The recent war in the region has once again highlighted the practical significance of this doctrine, as its repercussions have extended beyond the military sphere to impact economic and commercial activities. The tensions witnessed in the Arabian Gulf region, together with the associated security risks affecting airspace and vital maritime routes—most notably the Strait of Hormuz—have directly impacted trade flows, transportation, and the smooth functioning of international supply chains. In certain instances, this has resulted in increased shipping and insurance costs, delays in the delivery of equipment and essential materials, and even prompted some international companies to reassess the risks of operating within the region.
The effects of these developments are particularly evident in major construction contracts, which by their nature involve complex obligations, precise timelines, and reliance on an extensive network of suppliers and subcontractors. In such projects, any significant disruption in transportation or supply chains may lead to delays in execution phases or the late delivery of materials and equipment essential to the project. Where such disruption arises from exceptional circumstances beyond the control of the parties, the question arises as to whether it constitutes a case of force majeure that justifies the suspension of obligations or exempts the affected party from contractual liability.
Legal doctrine has consistently established that force majeure is realized when an exceptional, unforeseeable event occurs, beyond the control of the parties, which cannot be averted, and which renders the performance of the obligation impossible. Wars and armed conflicts are among the most prominent examples of such events, particularly when they lead to the disruption of transportation or the unavailability of essential materials required for the performance of the contract.
Nevertheless, reliance on force majeure in contractual relationships does not arise automatically. It requires proof that the exceptional event has had a direct impact on the performance of the obligation. If war-related circumstances lead to the impossibility of importing essential equipment for a project, disrupt the transportation routes upon which a contractor depends, or impose restrictions that hinder the continuation of work, such circumstances may collectively constitute a force majeure event. This may justify extending the period for performance, suspending certain contractual obligations, or, in some cases, terminating the contract.

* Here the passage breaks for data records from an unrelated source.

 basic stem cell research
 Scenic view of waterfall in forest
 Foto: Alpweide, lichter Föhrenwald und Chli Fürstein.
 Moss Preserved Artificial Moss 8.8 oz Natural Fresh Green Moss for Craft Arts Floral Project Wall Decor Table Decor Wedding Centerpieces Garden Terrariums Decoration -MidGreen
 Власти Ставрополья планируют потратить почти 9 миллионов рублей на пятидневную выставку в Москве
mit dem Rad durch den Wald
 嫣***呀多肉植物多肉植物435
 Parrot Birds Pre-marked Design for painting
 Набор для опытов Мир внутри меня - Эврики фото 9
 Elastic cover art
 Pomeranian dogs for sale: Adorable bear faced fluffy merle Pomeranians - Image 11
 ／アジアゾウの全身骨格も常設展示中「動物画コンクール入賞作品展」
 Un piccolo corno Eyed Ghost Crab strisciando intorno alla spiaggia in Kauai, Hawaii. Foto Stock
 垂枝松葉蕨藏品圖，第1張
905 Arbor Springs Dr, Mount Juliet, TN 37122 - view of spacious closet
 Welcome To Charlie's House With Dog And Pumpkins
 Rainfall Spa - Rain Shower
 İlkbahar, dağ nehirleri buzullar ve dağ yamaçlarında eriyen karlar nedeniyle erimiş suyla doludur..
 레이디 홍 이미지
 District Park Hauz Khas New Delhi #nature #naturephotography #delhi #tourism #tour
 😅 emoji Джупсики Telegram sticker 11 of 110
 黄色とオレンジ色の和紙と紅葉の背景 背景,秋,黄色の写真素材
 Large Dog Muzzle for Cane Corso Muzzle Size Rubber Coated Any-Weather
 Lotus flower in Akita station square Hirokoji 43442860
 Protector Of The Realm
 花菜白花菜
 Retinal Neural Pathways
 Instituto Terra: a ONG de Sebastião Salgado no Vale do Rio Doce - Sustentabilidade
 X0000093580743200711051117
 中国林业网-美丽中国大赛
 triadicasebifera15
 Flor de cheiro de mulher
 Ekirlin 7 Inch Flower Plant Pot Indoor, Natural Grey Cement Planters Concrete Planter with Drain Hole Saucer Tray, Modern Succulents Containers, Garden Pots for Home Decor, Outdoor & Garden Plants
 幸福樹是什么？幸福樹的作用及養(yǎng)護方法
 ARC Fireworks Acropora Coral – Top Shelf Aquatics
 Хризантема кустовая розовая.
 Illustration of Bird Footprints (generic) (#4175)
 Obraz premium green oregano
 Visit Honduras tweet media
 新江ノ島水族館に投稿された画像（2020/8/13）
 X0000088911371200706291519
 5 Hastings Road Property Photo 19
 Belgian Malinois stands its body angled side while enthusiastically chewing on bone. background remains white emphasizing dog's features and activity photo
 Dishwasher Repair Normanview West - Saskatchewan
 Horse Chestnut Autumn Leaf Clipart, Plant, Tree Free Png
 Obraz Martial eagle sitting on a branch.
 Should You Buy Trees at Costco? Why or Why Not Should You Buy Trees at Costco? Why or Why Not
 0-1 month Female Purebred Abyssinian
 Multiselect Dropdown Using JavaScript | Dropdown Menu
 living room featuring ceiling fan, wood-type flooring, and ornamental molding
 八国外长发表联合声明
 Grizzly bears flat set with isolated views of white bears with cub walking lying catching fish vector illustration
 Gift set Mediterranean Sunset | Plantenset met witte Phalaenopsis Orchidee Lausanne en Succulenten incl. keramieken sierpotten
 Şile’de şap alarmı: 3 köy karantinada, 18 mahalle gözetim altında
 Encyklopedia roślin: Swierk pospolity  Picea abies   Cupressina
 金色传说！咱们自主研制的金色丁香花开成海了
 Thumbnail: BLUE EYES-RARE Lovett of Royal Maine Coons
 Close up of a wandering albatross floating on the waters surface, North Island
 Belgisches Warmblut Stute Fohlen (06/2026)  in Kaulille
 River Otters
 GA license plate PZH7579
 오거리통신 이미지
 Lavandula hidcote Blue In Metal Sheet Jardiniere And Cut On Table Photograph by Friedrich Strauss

In light of the rapid and ongoing transformations in the region, it is evident that the doctrine of force majeure is no longer merely a traditional theoretical concept, but has become a necessary practical tool for regulating contractual relationships. Contracts, regardless of their precision, remain inherently linked to the circumstances surrounding their performance. This underscores the importance of prudent risk assessment and the careful drafting of force majeure clauses with legal awareness, enabling the restoration of balance in the contractual relationship when exceptional circumstances impose themselves upon the economic reality.